Bugüne kadar Hizbullah, tüm olumsuzluklara ve yapılan yanlışlara rağmen süreci gözettiği bir gerçektir. Ama bundan böyle kendisine katil yetiştiren bir tarzda bu sürecin sürmesine çok da seyirci kalmayacağını tahmin etmek hiç de güç değildir. Hizbullah, belki sürecin yanlış istikametine bugüne kadar yön veremedi.
Ancak kendine katil yetiştirecek bir “sürece” artık seyirci kalacağını beklemek zannedersem pek mümkün olmayacaktır. Zaten HDPKK içerisinde belli bir kesim, sürecin bozulması için bugüne kadar elinden gelen tüm çabaları sarf etti ve çoğu zaman da bunu Hizbullah üzerinden yapmaya çalıştı. Gelinen noktada hele ki son vahşi kalkışmadan sonra Hizbullah’ın saldırganlıkları sineye çekebilecek bir rezervinin kalmadığını herhalde en iyi Hizbullah’ın kendisi bilmektedir.

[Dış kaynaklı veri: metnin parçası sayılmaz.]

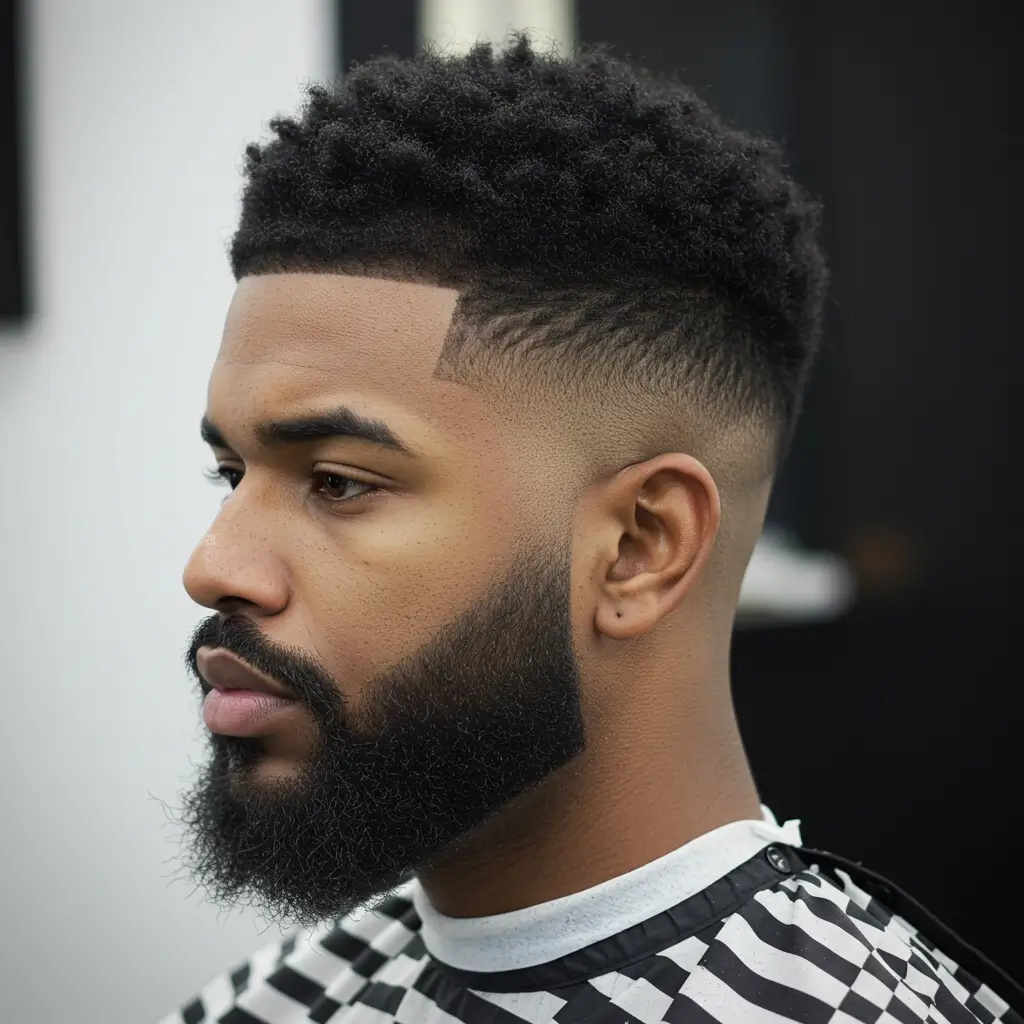 Bald Fade with Boxed Beard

Her şeye rağmen devlet erki hala “çözüm sürecine” özel bir parantez açmakta, ayrı bir değer verdiğini özellikle vurgulamaktadır. Açıkçası usulüne göre ve yeni bir tarz, yeni bir anlayışla ele alınıp sürdürülecekse ne Hizbullah’ın ne de başka kimselerin her şeye rağmen “sürece” çomak sokacak tavırlar içerisine gireceğini tahmin etmiyorum. Ancak vahşi yetiştiren eski tarzla “süreç” sürdürülmeye çalışılacaksa, Hizbullah’ın artık bunu kendisi için bir hayat-memat meselesi gibi göreceğini herkes hesaba katmalıdır.
Açıkça söylemek gerekirse son yaşananlar itibariyle sürecin devamı ya da noktalanması konusunda top Hizbullah’tadır ve başta devlet erki olmak üzere “sürecin” tüm âşıkları bu gerçeğin farkına varmalıdır. Herkes şunu kabul etmelidir ki, şu anda Hizbullah, meşru savunma kapsamı dışında saldırılara aynı yöntemlerle karşılık vermesi durumunda, ki hakkıdır, ortada “süreç” diye oynanan tiyatrodan eser kalmayacaktır.

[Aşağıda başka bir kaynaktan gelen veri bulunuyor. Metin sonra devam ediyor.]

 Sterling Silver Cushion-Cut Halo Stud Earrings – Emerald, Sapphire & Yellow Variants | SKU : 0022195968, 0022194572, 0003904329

HDPKK “süreci” ne kadar önemser orası tartışılır, ama “süreci” çokça önemsediği görülen devlet erki, bu ciddiyetin farkına varmalı, mecbur kalırsa şayet Hizbullah’ın sürece sokacağı çomağın etkisinin nerede ne şekilde hissedileceği dikkate alınmalıdır.

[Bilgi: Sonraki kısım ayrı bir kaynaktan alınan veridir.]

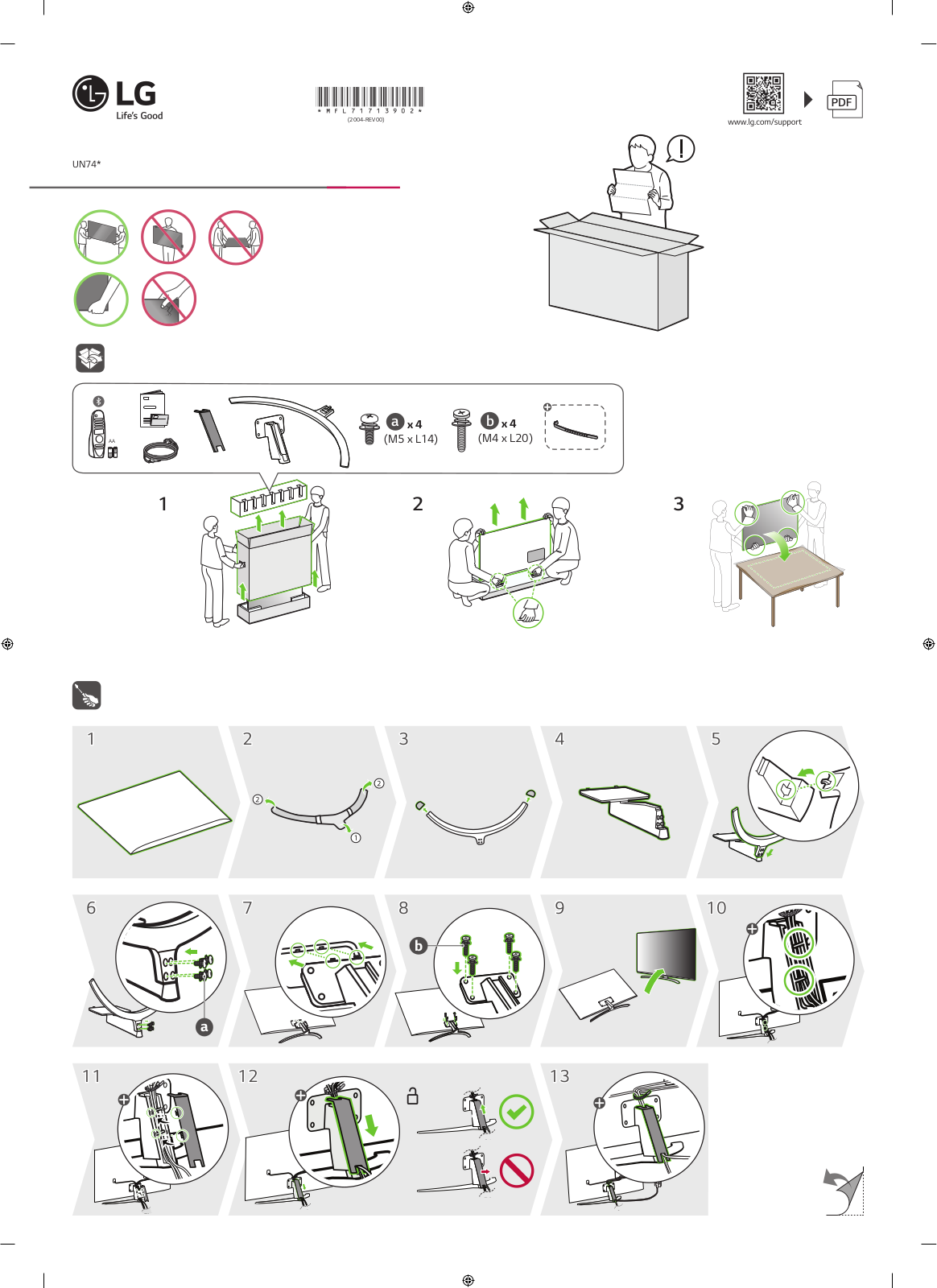 LG 70UN74003LA, 70UN74006LA QUICK SETUP GUIDE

Müslüman Kürt halkı HDPKK’nın marabası değildir. Oysa “süreç” üzerinden devlet erkinin takındığı tavır, Kürt halkına resmen “HDPKK’nın marabası” muamelesine dönüşmüştür. Bu, artık kabul edilebilecek bir durum değildir.
Daha açık ve anlaşılır bir şekilde ifade edecek olursak; inisiyatif artık Hizbullah’tadır ve bundan sonra “süreç” üzerinden geliştirilecek yöntemler konusunda tüm taraflar, başta Hizbullah olmak üzere tüm İslami camiaların hassasiyetlerini dikkate almak zorundadır.
Yürüyecekse “süreç” ancak bu şekilde yürüyecektir. Aksi halde “sürecin canı cehenneme” demeye ramak kalmıştır.